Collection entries
■ ■ ■ ■ ■ ■ ■

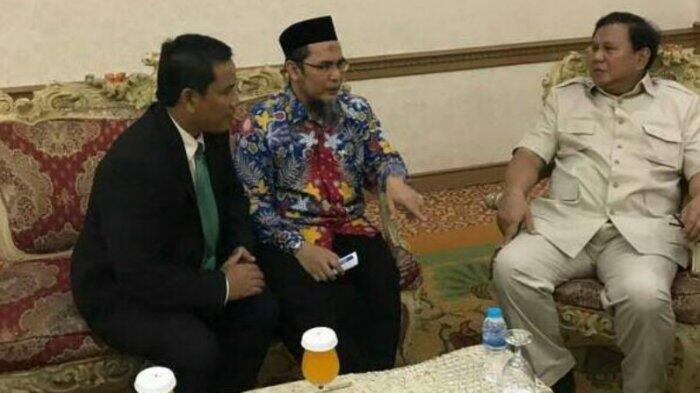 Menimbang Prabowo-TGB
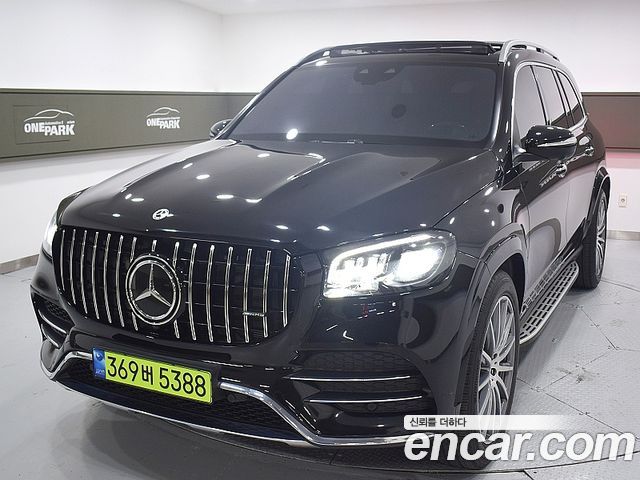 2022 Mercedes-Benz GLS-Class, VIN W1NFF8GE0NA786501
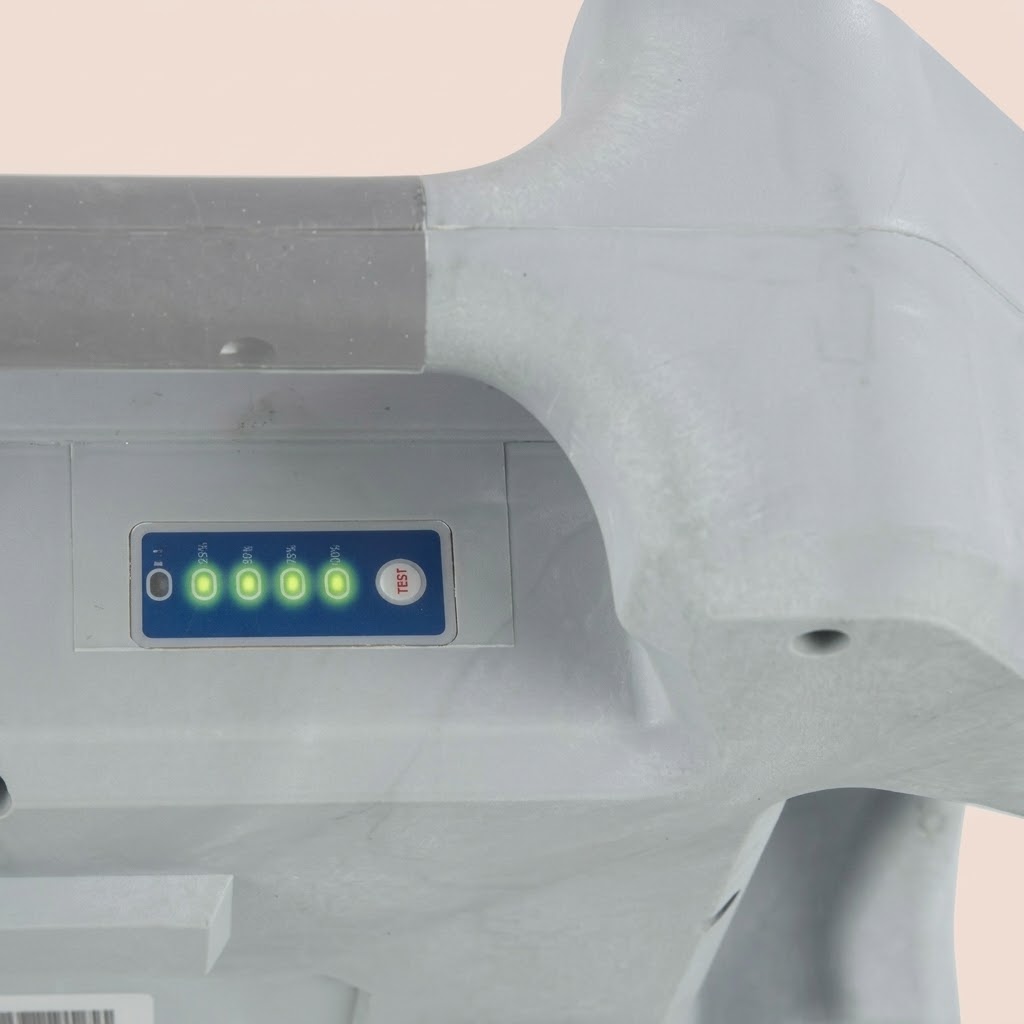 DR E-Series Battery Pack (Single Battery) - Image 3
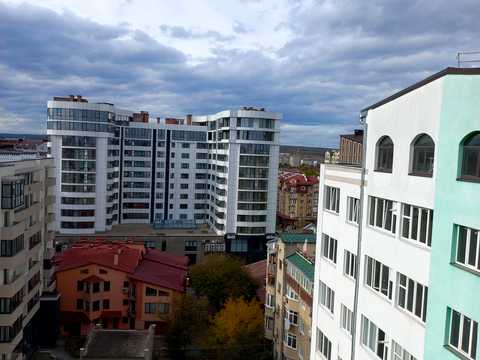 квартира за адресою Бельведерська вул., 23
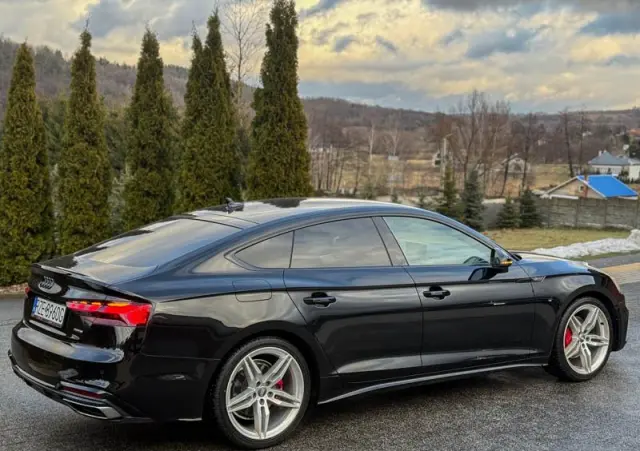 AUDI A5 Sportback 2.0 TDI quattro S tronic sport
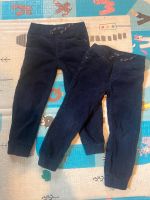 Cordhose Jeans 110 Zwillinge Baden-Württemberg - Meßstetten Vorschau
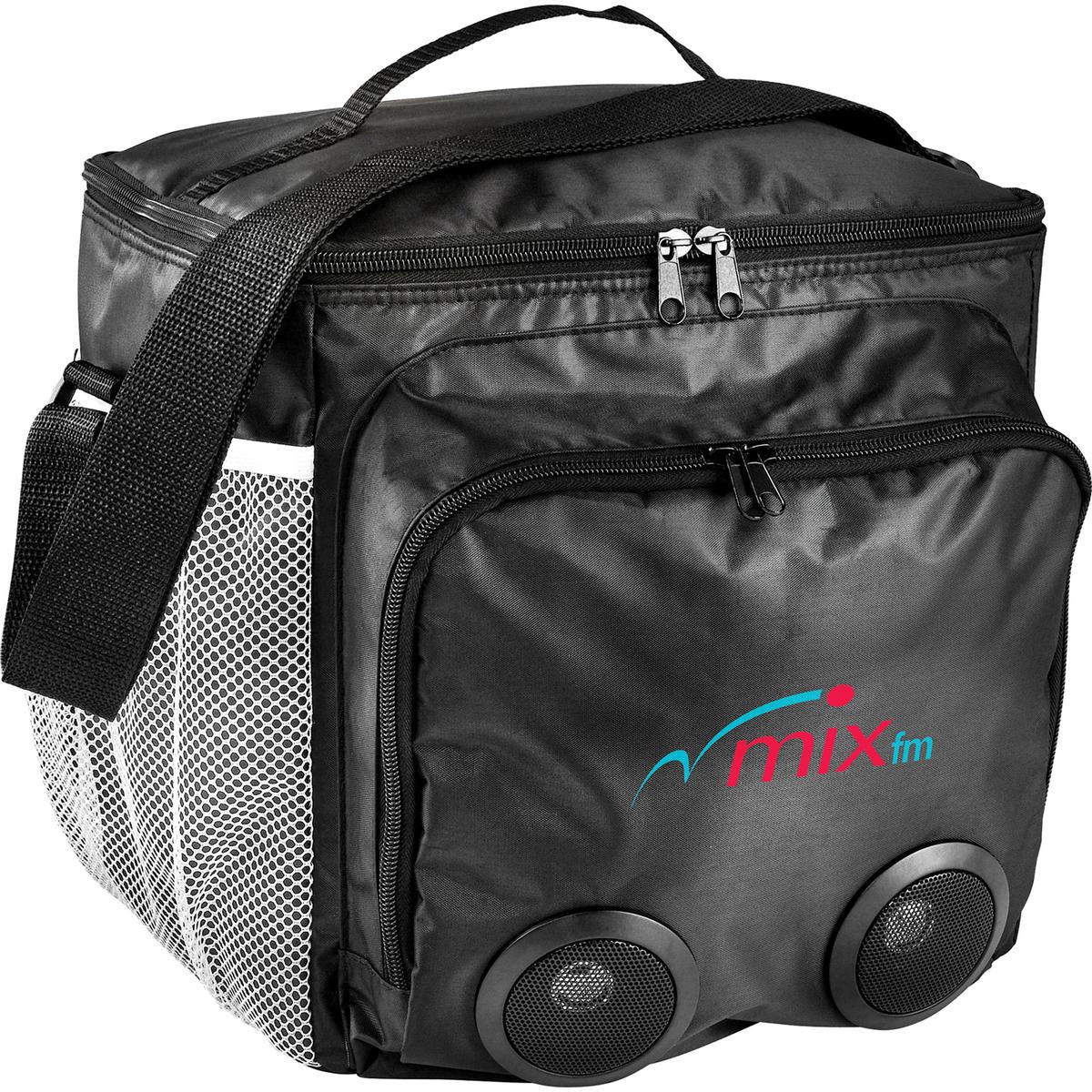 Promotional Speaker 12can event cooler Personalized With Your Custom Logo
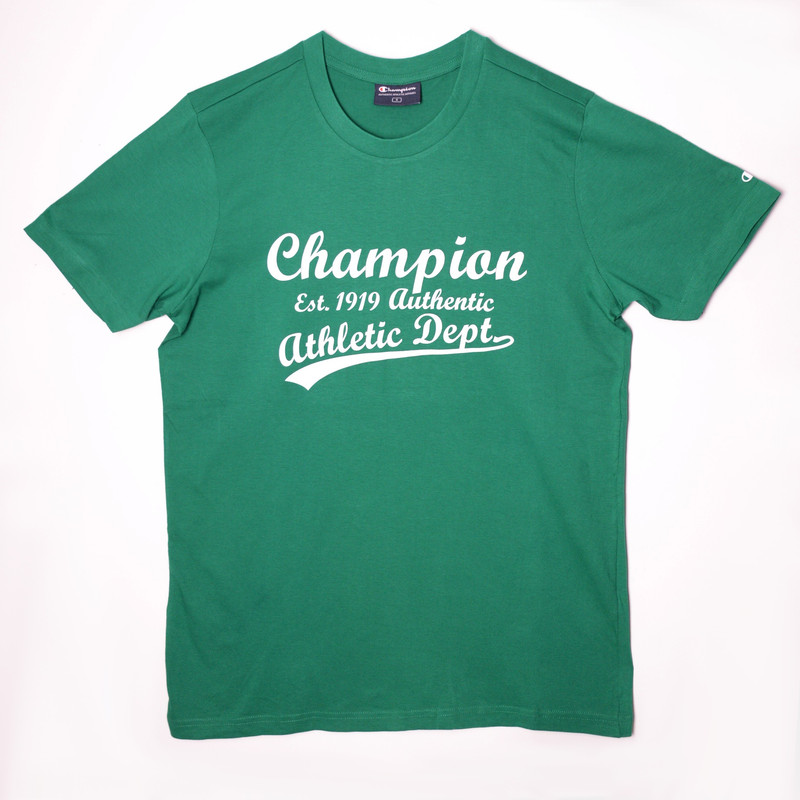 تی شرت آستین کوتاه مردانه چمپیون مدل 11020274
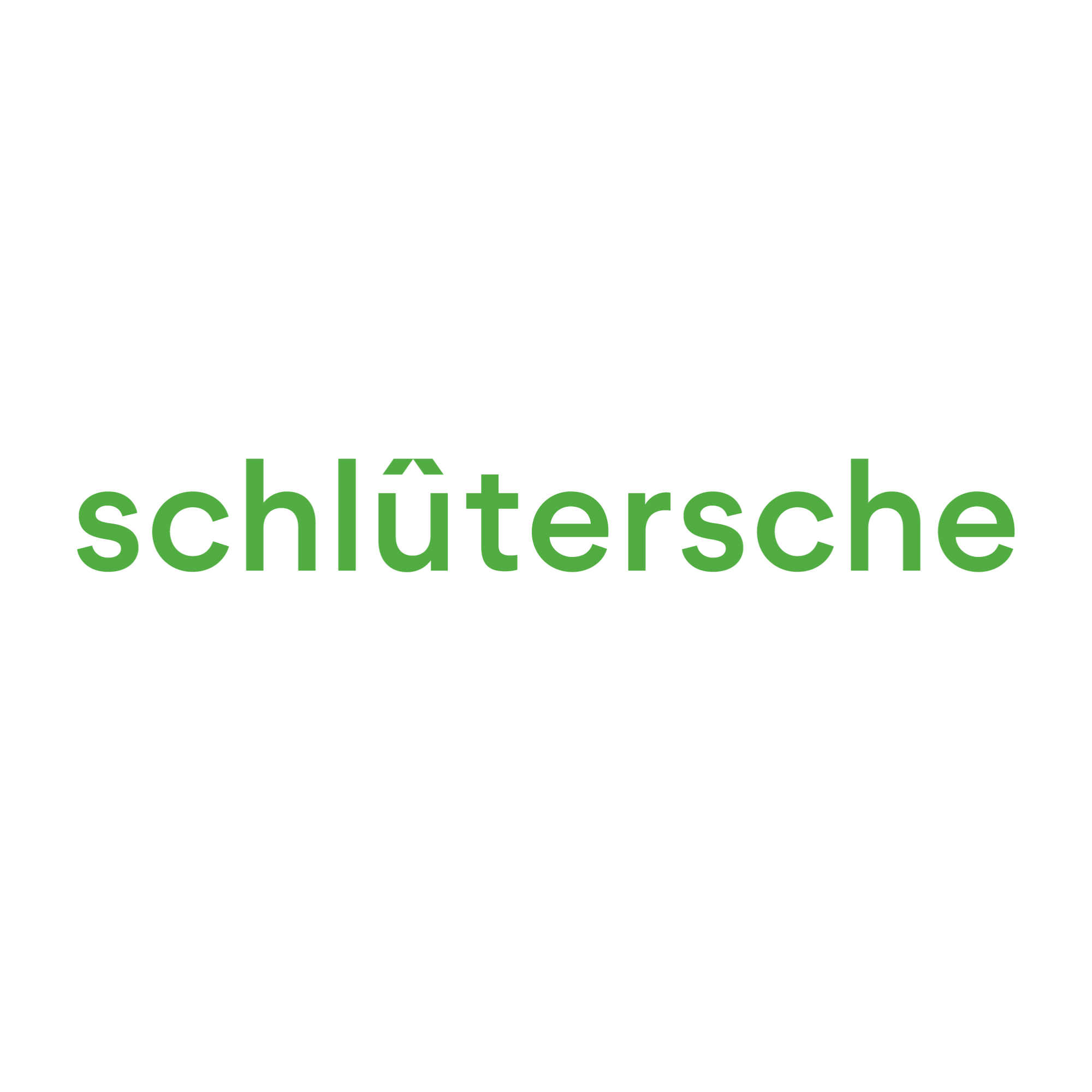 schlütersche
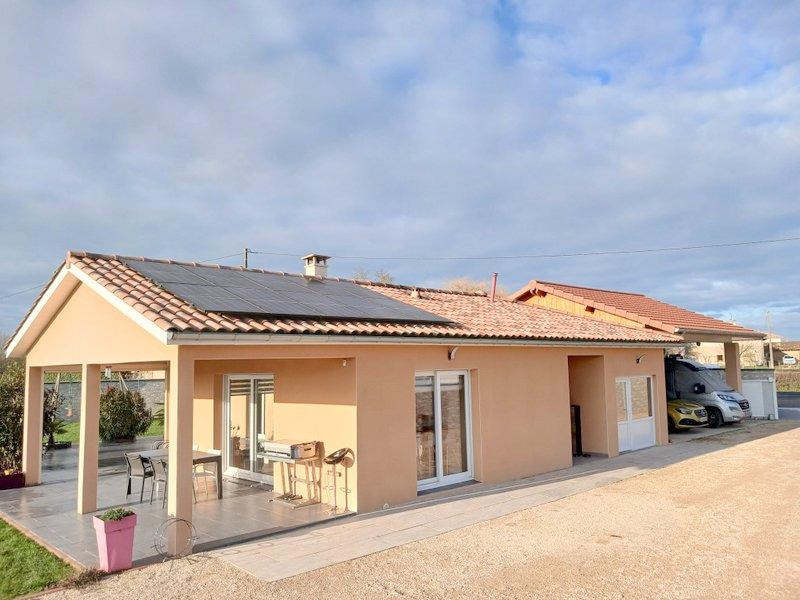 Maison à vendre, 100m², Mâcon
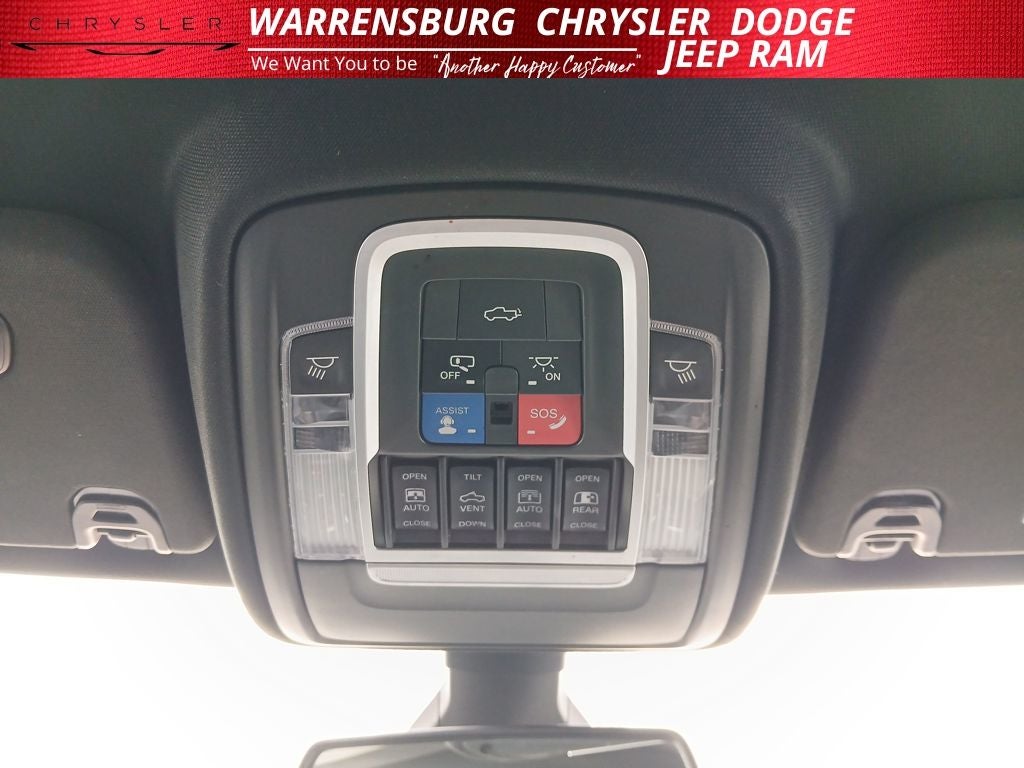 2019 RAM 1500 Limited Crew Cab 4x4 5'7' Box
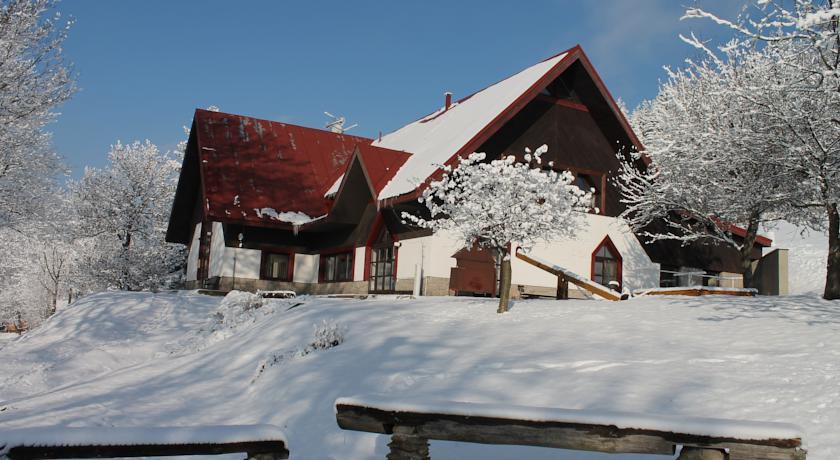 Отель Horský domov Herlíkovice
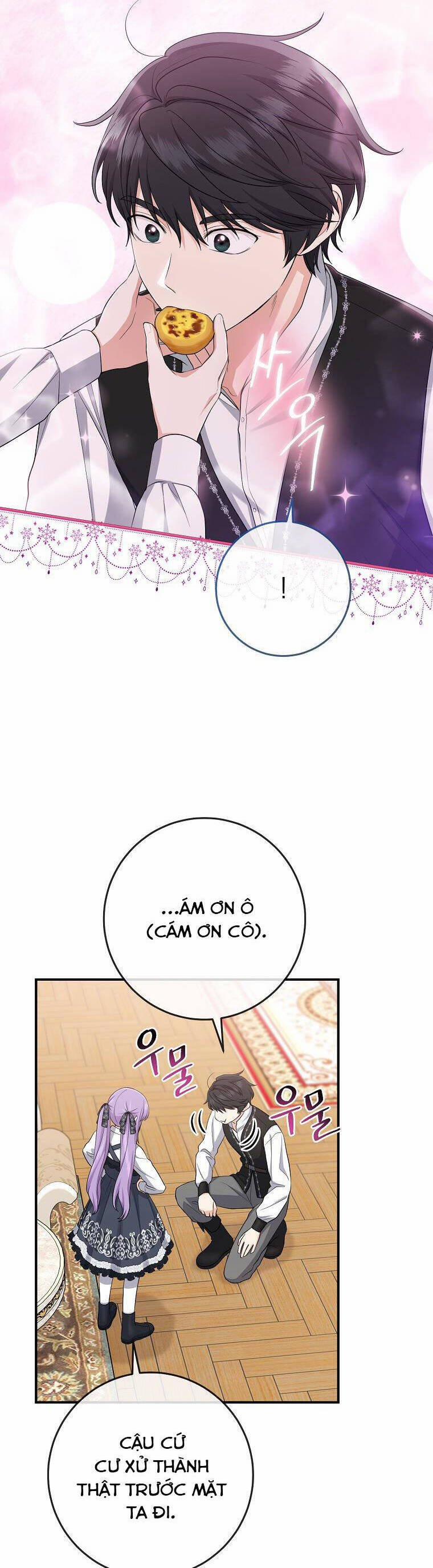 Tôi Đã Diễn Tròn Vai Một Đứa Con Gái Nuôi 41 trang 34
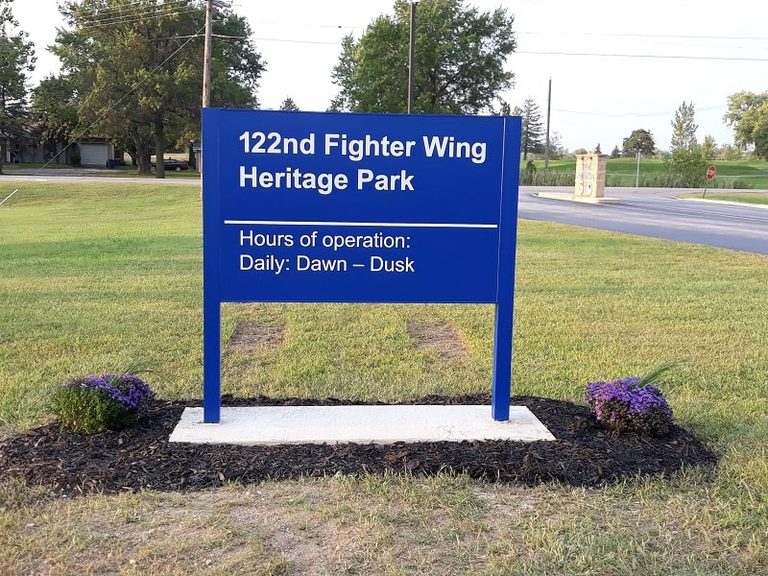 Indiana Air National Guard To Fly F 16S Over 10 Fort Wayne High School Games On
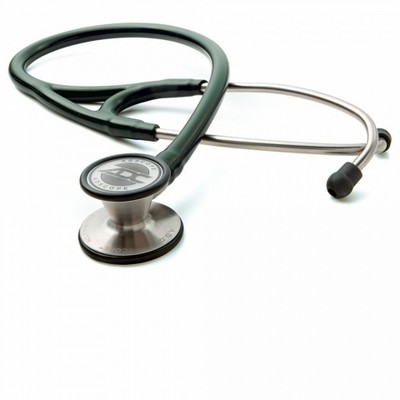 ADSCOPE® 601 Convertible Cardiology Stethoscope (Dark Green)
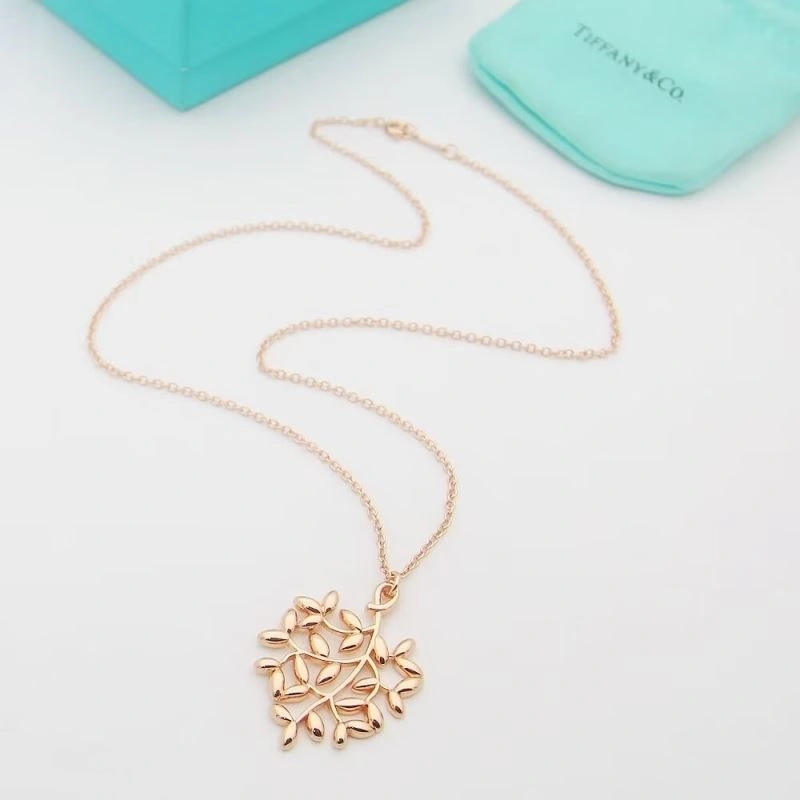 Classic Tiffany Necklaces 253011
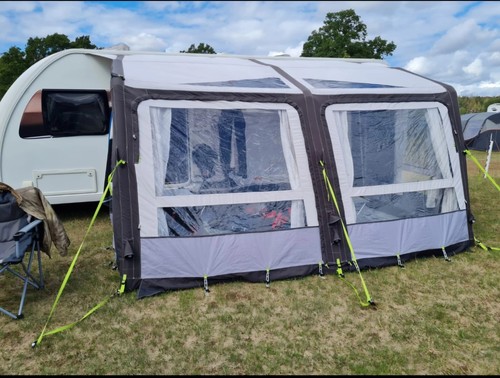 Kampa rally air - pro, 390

■ ■ ■ ■ ■ ■ ■

GOAL OF THE EXERCISE: The pictures stay out; repeat exactly the lines from the one with "Tôi Đã Diễn" to the end of the entries above, and nothing else.

RESPONSE:
 Tôi Đã Diễn Tròn Vai Một Đứa Con Gái Nuôi 41 trang 34
 Indiana Air National Guard To Fly F 16S Over 10 Fort Wayne High School Games On
 ADSCOPE® 601 Convertible Cardiology Stethoscope (Dark Green)
 Classic Tiffany Necklaces 253011
 Kampa rally air - pro, 390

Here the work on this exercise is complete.